The primary basis for Jiang’s claim of future persecution as a result of her expression of her political opinion is the allegation of economic harm that will follow her expulsion from school and her inability to attend other schools.1 The [42]*42standard for evaluating economic persecution was not fully elaborated by the BIA when it decided Jiang’s case. In an earlier case alleging economic persecution, we remanded to the BIA because we were unable to determine the standard used by the BIA in assessing the petitioner’s claims of economic persecution. See Mirzoyan v. Gonzales, 457 F.3d 217 (2d Cir.2006). At a time after it considered the instant case, and in response to Mirzoyan, the BIA articulated a standard for assessing claims of economic persecution:

Persecution requires a showing of more than mere economic discrimination. The economic difficulties must be above and beyond those generally shared by others in the country of origin and involve noticeably more than mere loss of social advantage or physical comforts. Rather, the harm must be of a deliberate and severe nature and such that is condemned by civilized governments.

In re T-Z-, 24 I. & N. Dec. 163, 173 (BIA 2007) (internal quotation marks omitted).

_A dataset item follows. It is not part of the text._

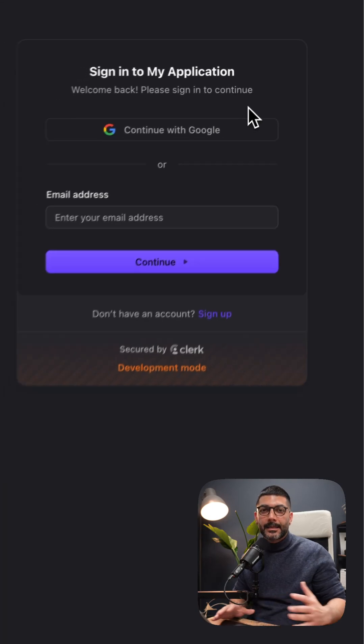In the next episode, I'll show you how to create custom signing and sign-up pages. Drop a comment if you have any questions and I'll see you in the next one.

Because the BIA considered Jiang’s case before articulating the standard it ultimately set forth in In re T-Z-, we cannot assume that the BIA used this standard when considering Jiang’s case. The opinion in Jiang’s case does not specifically mention economic persecution, and provides no explanation of what constitutes such persecution. “[WJhere the BIA or IJ analysis is insufficient to determine whether the correct legal standard was applied” we will remand for consideration of the correct legal standard. Manzur v. U.S. Dept. of Homeland Sec., 494 F.3d 281, 289 (2d Cir.2007); see also Beskovic v. Gonzales, 467 F.3d 223, 227 (2d Cir.2006); Mirzoyan v. Gonzales, 457 F.3d 217, 221, 223 (2d Cir.2006). We have stated that we “will vacate BIA conclusions, as to the existence or likelihood of persecution, that a perfectly reasonable fact-finder could have settled upon, insofar as the BIA either has not applied the law correctly, or has not supported its findings with record evidence.” Jin Shui Qiu v.